> [Exercise requirements]
Show each line of the listing in which the word "Hoodie" occurs.

[Data listing]

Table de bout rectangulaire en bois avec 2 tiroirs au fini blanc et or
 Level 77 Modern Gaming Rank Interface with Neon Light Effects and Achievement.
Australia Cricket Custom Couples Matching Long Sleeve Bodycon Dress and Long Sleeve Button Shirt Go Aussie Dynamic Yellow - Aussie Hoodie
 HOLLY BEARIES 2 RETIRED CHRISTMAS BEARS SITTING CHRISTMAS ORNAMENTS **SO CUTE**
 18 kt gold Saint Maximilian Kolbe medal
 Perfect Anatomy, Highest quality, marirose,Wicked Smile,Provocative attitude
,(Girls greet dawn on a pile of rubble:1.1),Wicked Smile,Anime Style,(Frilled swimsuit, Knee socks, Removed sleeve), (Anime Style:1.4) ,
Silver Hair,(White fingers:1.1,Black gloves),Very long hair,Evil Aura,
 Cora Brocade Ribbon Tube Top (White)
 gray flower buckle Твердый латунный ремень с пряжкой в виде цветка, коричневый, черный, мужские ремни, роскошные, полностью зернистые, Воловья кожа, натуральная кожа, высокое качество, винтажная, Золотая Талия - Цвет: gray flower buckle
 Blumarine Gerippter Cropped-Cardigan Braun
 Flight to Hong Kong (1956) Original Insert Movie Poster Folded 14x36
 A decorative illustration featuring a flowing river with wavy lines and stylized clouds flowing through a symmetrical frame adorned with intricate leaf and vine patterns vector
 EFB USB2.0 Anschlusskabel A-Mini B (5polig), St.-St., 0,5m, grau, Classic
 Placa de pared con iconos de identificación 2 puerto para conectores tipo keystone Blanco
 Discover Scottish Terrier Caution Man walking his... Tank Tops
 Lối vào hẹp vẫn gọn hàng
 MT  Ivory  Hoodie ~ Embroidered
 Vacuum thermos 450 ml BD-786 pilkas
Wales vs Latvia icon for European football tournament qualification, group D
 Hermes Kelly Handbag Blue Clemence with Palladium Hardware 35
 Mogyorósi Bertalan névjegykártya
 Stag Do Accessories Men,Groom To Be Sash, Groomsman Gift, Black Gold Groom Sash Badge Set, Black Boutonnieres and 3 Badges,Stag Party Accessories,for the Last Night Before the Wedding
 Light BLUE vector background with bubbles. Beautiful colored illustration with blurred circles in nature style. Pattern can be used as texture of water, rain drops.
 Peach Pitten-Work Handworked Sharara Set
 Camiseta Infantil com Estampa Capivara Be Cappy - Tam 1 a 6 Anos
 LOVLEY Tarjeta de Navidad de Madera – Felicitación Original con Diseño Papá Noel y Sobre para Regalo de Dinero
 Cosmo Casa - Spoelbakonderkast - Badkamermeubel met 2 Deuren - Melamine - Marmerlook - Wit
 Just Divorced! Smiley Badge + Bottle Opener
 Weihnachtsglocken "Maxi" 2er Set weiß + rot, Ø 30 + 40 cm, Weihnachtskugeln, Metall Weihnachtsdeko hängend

[/Data listing]

> [Response]
Australia Cricket Custom Couples Matching Long Sleeve Bodycon Dress and Long Sleeve Button Shirt Go Aussie Dynamic Yellow - Aussie Hoodie
 MT  Ivory  Hoodie ~ Embroidered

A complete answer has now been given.